What keep something out also keeps something in, hence the beauty and necessity of gates. Boundaries with no exits or entrances stifle life. There’s no flow. We need both and the consciousness to decipher where to draw the line and where to welcome and open.

Boundaries are often created out of fear and are consequently rigid and impede growth. When created out of a sense of needful care they support life. We can relax in the appropriateness of them, and know we make better neighbors when both a boundary and a gate are present.
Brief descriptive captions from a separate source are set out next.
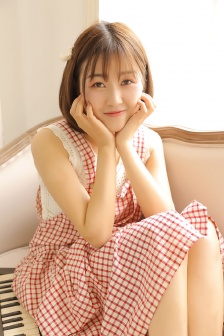 蕾丝打底衫妈妈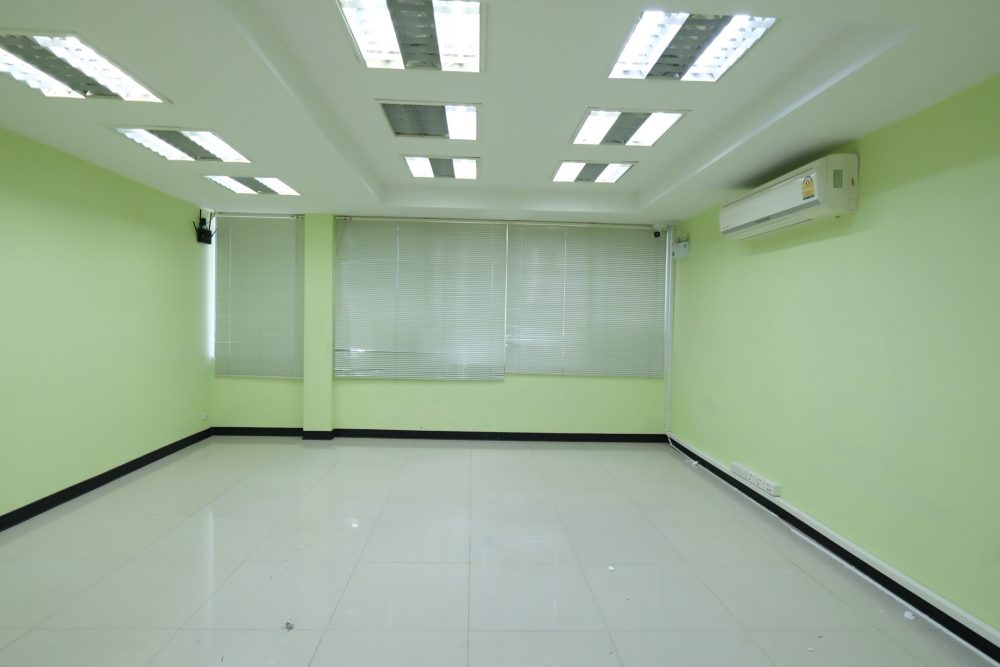 LINE_ALBUM_No.6900232_260708_24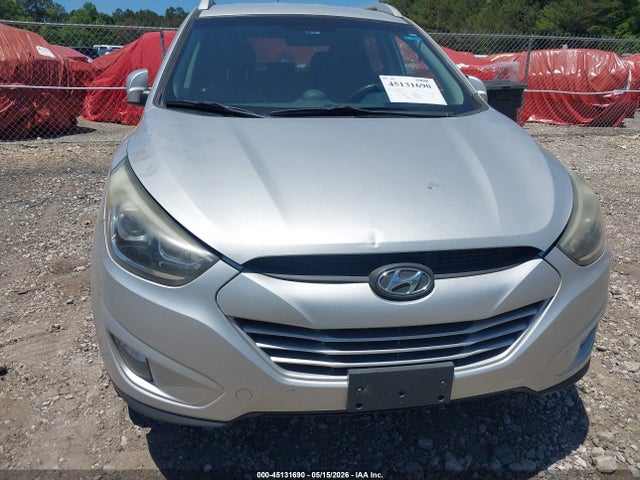 KM8JU3AG6FU049965 Hyundai TUCSON SE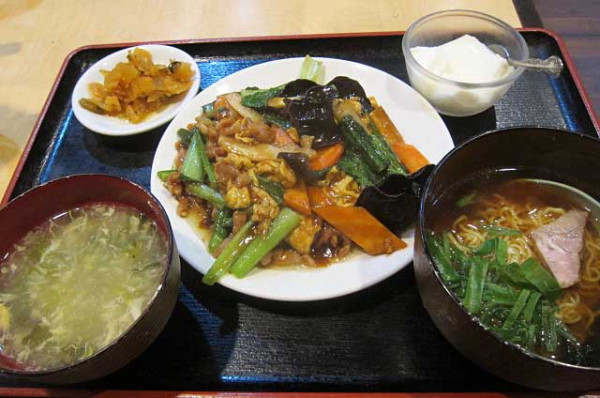 「豚肉とキクラゲの玉子炒めの定食　800円＋半ラーメン200円」@花彫酒家の写真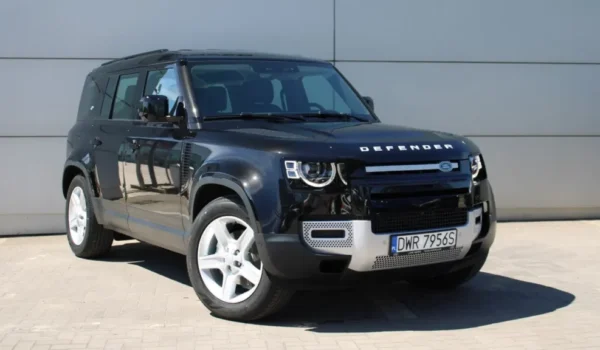 Defender MY24 3.0D I6 200 PS AWD Auto SE 110 2024 HAK lodówka indukcja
Phrases posted on Facebook October 2016

When a tree is cut down I’ve always marveled at the growth rings. It seems paradoxical that the necessary boundary of the bark at any given time of the tree’s life is part of how the tree is able to expand. Maybe boundaries do not always keep things out but help things emerge.
To reach excellence and perhaps a gold medal, an Olympic gymnast must stick to and master a prescribed form. That form is a series of boundaries. In order to be masterful and go beyond strict boundaries we must embrace them and push against them. It is good to think they will make us freer in the end if we persist.
Being able to say no and mean it is sometimes very difficult. It lays down a boundary. To me it also means that I have said yes to something else. A sure no is the boundary line of a sure yes.
Personal boundaries are flexible and depend on the trust we have between others and us. Any time you are not sure imagine that you are a house. Whom would you allow to come through the garden gate? Whom would you allow on the porch, in the front hall, the living room, the kitchen, the bedroom? You’ll know by instinct. Trust it!
Who ever thought being courteous is actually the ability to use careful boundaries? Courtesy is a quality that recognizes and respects others. It is an attitudinal boundary that helps us to be gracious and to not overstep.
When we realize that every breath we take has been breathed at some time or other by all others who have lived and who are living now, then in a fundamental way we come to realize that boundaries do not exist. We are essentially one. With that perspective whatever boundaries we set up in order to function are provisional and temporary. If we set them up in the service of the whole would we not be co-operating with reality? 
It is staggering to me to realize that our points of view are often solid boundaries, ones we aren’t aware of most of the time, or ones we take for granted or as inalienable rights to insist upon. What if we could hold them lightly? What if at the edges of them we could sense that they are not barbed wire fences? What if we could sense that there are openings in them to new dimensions of discovery?
In order to be unique we have to have boundaries, but the paradox is we are only unique in relation to everything else. That’s the spice of life.
Self-imposed boundaries can be very important. Don’t you think there has to be a boundary to underscore a sensible have to do list?
Continuing the theme of self-imposed boundaries, it seems important to be mindful about what we are going to spend our time on. If we say, yes, to too many things we end up having bits and pieces and no depth. To set a considered boundary is to embrace more simplicity. Then we can be about what really arouses us to love.
Thresholds are gentle boundary markers between spaces. We don’t pay attention to them much, but they are great places to pause and to become aware that we are about to enter into a new space. There are invisible thresholds in our minds, and if we made a habit of pausing often we would sense them. Crossing from one state of being to another with awareness and respect brings us softly home. 
We sometimes say I am bound to do such and such. Our wills make a boundary around something we feel we want to do. By naming an intention we can work with it. Boundaries in this way are very helpful.
Receiving can be an ambivalent thing. How often we set subtle boundaries on receiving allowing only just so much to be taken in. Fears that receiving has a price, a hidden obligation or a weakening of our sense of self erects those boundaries. It’s not wise to tackle our fears with harshness. Why not put a gate in our fence, oil the hinges a little and open it with discretion?